(E. Frèche, Le Point, 31 oct. 24). Émilie Frèche, écrivaine et réalisatrice. Auteur de "Le Professeur" (Albin Michel), ainsi que, avec Mickaëlle Paty, "Le Cours de monsieur Paty" (Albin Michel). 6 novembre 2024
[Les éléments de la Revue de presse sont sélectionnés à titre informatif et ne reflètent pas nécessairement la position du Comité Laïcité République.]
Lire "Samuel Paty, ou le procès des fatwas".
Engrenage. La cour d’assises spéciale de Paris s’apprête à juger ceux qui ont semé la haine sur les réseaux sociaux, entraînant la mort de ce professeur.
Par Émilie Frèche
Le 16 octobre 2020, Samuel Paty, professeur d’histoire-géographie à Conflans-Sainte-Honorine, était assassiné et décapité à la sortie de son collège pour avoir montré, dix jours plus tôt, une caricature de Mahomet à ses deux classes de quatrième.

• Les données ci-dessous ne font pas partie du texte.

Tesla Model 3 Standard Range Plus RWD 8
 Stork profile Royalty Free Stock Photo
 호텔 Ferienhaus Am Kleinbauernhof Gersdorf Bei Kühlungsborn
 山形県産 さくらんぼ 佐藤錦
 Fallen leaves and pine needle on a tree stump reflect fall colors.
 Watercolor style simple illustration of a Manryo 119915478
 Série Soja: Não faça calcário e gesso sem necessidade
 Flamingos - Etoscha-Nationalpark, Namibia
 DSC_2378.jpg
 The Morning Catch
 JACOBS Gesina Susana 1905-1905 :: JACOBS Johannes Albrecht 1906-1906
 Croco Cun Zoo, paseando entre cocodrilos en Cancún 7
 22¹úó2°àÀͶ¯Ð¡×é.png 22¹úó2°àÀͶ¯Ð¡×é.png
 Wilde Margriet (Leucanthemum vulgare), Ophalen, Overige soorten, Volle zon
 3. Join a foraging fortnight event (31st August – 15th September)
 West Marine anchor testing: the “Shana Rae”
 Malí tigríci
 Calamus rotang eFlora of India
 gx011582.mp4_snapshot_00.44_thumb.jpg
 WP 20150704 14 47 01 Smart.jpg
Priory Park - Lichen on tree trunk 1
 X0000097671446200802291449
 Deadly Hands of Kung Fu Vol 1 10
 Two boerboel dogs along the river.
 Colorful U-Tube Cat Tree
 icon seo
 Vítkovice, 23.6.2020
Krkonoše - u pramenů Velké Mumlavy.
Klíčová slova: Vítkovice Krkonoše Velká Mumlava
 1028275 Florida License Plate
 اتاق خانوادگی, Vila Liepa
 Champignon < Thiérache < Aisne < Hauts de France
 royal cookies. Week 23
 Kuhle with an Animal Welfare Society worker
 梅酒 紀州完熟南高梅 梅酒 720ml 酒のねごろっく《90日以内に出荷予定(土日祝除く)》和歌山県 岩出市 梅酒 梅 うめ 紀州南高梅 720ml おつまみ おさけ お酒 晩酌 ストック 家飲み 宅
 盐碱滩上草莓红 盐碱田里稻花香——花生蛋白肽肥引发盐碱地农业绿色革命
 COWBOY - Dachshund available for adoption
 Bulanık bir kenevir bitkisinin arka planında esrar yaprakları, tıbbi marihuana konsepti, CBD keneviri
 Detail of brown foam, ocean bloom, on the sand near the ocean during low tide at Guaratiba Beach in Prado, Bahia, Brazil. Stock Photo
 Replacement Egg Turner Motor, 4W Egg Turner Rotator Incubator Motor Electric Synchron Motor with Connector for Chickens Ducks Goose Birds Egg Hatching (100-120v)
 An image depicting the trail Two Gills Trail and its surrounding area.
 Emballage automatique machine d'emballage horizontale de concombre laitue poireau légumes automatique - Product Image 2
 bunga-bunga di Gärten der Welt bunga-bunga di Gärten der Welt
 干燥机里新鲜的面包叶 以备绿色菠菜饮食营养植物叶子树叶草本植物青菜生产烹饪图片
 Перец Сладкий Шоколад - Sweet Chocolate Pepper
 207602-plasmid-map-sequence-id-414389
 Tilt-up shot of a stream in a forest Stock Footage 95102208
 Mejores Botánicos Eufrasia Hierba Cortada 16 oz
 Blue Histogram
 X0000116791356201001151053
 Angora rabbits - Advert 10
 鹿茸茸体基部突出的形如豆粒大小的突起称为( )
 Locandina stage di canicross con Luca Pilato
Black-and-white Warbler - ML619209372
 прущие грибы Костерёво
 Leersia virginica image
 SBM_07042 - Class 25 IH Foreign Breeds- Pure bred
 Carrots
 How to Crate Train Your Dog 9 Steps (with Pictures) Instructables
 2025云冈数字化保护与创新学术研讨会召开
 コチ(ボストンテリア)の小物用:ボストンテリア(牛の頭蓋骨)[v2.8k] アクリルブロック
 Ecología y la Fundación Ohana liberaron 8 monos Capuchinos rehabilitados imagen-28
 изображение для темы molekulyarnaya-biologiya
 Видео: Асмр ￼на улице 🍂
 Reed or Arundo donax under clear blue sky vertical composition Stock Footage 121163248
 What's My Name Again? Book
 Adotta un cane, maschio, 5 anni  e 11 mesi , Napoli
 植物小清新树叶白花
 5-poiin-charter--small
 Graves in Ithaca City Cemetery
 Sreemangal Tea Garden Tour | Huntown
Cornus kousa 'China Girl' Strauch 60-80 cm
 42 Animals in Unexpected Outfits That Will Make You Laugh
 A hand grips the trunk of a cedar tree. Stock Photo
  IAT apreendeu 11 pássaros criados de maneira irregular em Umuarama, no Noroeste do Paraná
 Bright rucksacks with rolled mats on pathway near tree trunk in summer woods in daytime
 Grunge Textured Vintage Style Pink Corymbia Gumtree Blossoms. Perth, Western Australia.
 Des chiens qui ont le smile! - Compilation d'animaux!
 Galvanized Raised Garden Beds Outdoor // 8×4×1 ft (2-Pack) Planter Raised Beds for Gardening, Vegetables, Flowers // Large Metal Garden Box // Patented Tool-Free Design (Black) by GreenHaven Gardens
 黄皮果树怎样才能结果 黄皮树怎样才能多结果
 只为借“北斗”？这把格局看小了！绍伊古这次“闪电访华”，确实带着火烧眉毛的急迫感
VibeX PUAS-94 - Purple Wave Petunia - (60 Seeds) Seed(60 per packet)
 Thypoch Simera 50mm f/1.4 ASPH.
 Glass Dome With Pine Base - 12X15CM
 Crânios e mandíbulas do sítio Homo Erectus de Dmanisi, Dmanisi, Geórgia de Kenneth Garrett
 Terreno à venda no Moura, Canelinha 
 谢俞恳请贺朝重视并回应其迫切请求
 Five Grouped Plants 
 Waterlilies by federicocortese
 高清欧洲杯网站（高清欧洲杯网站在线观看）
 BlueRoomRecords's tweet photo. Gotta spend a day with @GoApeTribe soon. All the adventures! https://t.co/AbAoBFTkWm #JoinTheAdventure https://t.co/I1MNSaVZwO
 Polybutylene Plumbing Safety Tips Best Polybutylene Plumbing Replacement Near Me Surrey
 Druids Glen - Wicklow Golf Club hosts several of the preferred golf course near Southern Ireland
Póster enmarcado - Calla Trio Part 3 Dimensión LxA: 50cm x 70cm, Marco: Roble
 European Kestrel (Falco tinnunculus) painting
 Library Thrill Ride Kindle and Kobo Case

J’ai appris ce drame dans la soirée, alors que j’attendais un ami en terrasse dans la même douceur d’un certain 13 Novembre, et, au mot « décapité », je me souviens que quelque chose en moi s’est effondré.
J’ai relu ce mot plusieurs fois, comme s’il appartenait à une langue étrangère ; je l’ai prononcé à voix haute devant mon ami à son arrivée, sur ce ton incrédule que suscite l’effroi ; puis le souvenir du chevalier de La Barre m’est revenu, dernier Français condamné pour profanation de crucifix et décapité, lui aussi, à Abbeville, en 1766 – c’était ce crime et ce châtiment que les islamistes venaient de réhabiliter sur notre territoire.
Quatre ans plus tard, alors que la cour d’assises spéciale de Paris s’apprête à juger, après la condamnation de six mineurs dans cette affaire, huit adultes accusés d’avoir participé à la machine infernale ayant conduit au massacre de cet enseignant, je me demande encore si nous avons collectivement pris la mesure de ce que cet homme a subi et, à travers lui, de ce que cela signifie pour notre pays.
Mais peut-être est-ce une réalité trop violente, impossible à intégrer, sauf à avoir été confronté, comme je l’ai moi-même été pour les besoins des deux livres que j’ai consacrés à cet attentat, à la photographie du cadavre de cet homme : un corps sans tête couché sur le ventre dans le caniveau, vêtu d’une simple parka beige, d’un jean délavé et d’une paire de baskets, portant encore un sac sur le dos, mais que la violence des coups portés aura fait basculer sur le trottoir, à côté de ses lunettes de vue déposées là de manière si absurde, branches ouvertes comme sur un chevet, et puis, à gauche de ce corps sans tête, cette tête sans lunettes, ensanglantée à la base et disposée à la perpendiculaire du tronc, seule sur la chaussée.
Contexte
Oui, gardons cette image en mémoire pour ne pas oublier la guerre qui nous est menée, comme le contexte dans lequel cette « condamnation » islamiste s’inscrit. Car Samuel Paty ne s’est pas fait tuer à n’importe quelle date du calendrier. Il a été assassiné en plein procès des attentats perpétrés le 7 janvier 2015 contre la rédaction de Charlie Hebdo, et sa mort n’est au fond qu’une réplique de ce séisme.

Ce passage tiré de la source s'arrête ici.